DATA LISTING:
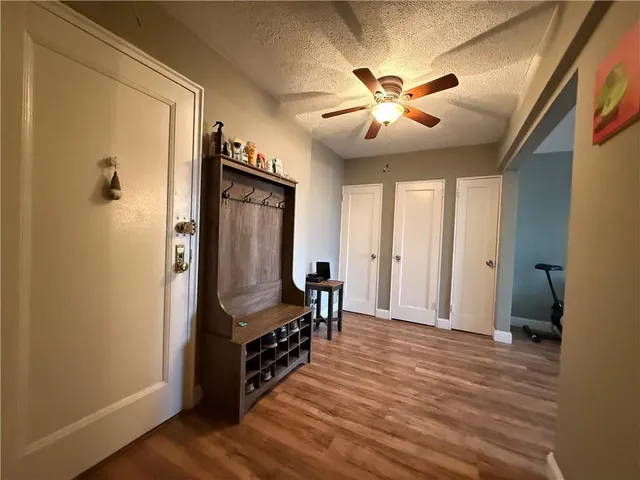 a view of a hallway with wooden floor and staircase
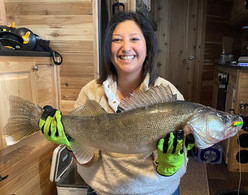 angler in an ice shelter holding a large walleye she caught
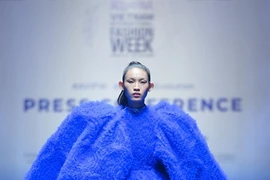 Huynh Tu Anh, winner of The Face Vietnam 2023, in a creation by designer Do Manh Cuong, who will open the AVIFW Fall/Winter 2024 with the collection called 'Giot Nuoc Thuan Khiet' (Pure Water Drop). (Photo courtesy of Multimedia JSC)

* * *

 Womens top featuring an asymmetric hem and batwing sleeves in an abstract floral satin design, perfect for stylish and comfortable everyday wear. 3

---

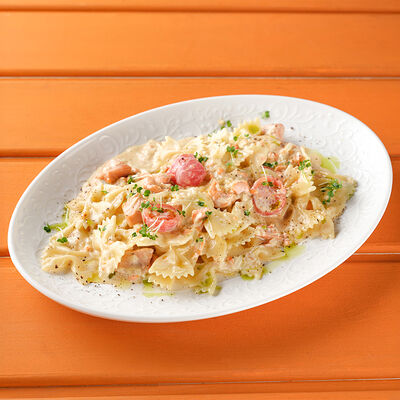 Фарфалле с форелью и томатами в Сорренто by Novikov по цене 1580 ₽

INSTRUCTIONS FOR THE TASK: Above are some records. Reproduce the lines from the one with "a view of a" down to the one with "Huynh Tu Anh, winner", keeping both, and leave every picture out.

TASK SOLUTION:
 a view of a hallway with wooden floor and staircase
 angler in an ice shelter holding a large walleye she caught
 Huynh Tu Anh, winner of The Face Vietnam 2023, in a creation by designer Do Manh Cuong, who will open the AVIFW Fall/Winter 2024 with the collection called 'Giot Nuoc Thuan Khiet' (Pure Water Drop). (Photo courtesy of Multimedia JSC)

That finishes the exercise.